* [Input]:
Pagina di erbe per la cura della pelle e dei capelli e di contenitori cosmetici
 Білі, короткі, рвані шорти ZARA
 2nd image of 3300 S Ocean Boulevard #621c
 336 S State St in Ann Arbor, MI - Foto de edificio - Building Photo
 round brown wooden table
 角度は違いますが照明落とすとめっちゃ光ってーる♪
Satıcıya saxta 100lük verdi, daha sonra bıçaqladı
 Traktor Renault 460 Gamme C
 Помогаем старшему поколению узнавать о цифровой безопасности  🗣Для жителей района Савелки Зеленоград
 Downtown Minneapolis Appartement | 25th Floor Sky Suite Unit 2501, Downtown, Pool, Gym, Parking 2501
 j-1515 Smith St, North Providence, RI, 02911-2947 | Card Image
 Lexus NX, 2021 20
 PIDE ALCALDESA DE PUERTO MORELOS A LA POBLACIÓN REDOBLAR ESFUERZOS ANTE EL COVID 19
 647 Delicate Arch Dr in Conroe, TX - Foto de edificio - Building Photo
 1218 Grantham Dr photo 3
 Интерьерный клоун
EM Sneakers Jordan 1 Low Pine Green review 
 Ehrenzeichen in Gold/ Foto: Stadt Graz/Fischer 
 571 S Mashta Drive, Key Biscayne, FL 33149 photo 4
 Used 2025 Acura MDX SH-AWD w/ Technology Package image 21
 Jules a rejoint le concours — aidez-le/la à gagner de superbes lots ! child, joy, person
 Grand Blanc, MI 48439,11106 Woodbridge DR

* [Goal of the exercise]:
Nothing should appear in the answer except the lines from the one with "j-1515 Smith St, North" through the final line of the records, written exactly.

* [Answer to this task]:
 j-1515 Smith St, North Providence, RI, 02911-2947 | Card Image
 Lexus NX, 2021 20
 PIDE ALCALDESA DE PUERTO MORELOS A LA POBLACIÓN REDOBLAR ESFUERZOS ANTE EL COVID 19
 647 Delicate Arch Dr in Conroe, TX - Foto de edificio - Building Photo
 1218 Grantham Dr photo 3
 Интерьерный клоун
EM Sneakers Jordan 1 Low Pine Green review 
 Ehrenzeichen in Gold/ Foto: Stadt Graz/Fischer 
 571 S Mashta Drive, Key Biscayne, FL 33149 photo 4
 Used 2025 Acura MDX SH-AWD w/ Technology Package image 21
 Jules a rejoint le concours — aidez-le/la à gagner de superbes lots ! child, joy, person
 Grand Blanc, MI 48439,11106 Woodbridge DR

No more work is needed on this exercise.